Yes and no. Yes in the sense that I took his welfare -- we all did -- hugely seriously. But no in the sense that everything was in place and there was no way that he could go wrong like that. All of this is devised with the psychologist, as well. If he completely freaked out, we could always stop it. But actually once you're so far into it, it's always best to see the journey through because it's going to bring him this amazing transformation.

Did any of his reactions throughout the process surprise you?
What's interesting is how differently people react in these situations than they do in movies. There are always skeptics, always people who say, "Oh, it's all fake, it's all set up." I wouldn't react like that. I would just freak out, I would just attack everybody. The reality is sometimes people react in a way that's not quite what you would expect.

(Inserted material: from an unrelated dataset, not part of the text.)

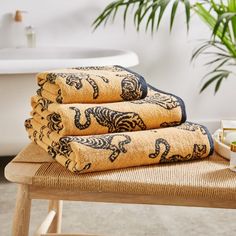 three towels are stacked on top of a stool in front of a bathtub and potted plant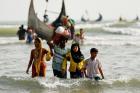 Rohingya refugees walk to shore in Teknaf, Bangladesh, with their belongings after crossing the Bangladesh-Myanmar border through the Bay of Bengal on Sept. 5. (CNS photo/Mohammad Ponir Hossain, Reuters)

Did everything go as you hoped it would?
Yes. Pretty much. It didn't rain. He got everything out of it that he was supposed to. I think there was one moment when he was out with one of the other 'survivors' and he just caught sight of one of our crew who was in the wrong place at the wrong time. It really had us on edge, but he thought it was one of the infected. The actor he was with just pulled him inside and made sense of it for him. That was a terrifying moment. It would take a huge amount to go wrong to convince you that the entire world around you is fabricated. It's the real "Truman Show." We were paranoid there would be some tiny slip-up that would give it away, but the reality is it's actually a very robust situation where it would take a lot to make him realize that everything was fake.

What do you hope audiences will take away from the show?
The drive of the show came from a Stoic philosophy that said one way of being happy is to desire the things that you already have, rather than constantly desiring things that you don't have and winding up on that treadmill of just wanting more and more stuff. The way to achieve that is mentally rehearsing losing everything that you've got. It sounds very morbid, but carrying out that sort of exercise reminds you that the things you have are of value.

"Derren Brown: Apocalypse" premieres on Space on Wednesday, December 19 at 9 p.m. EST.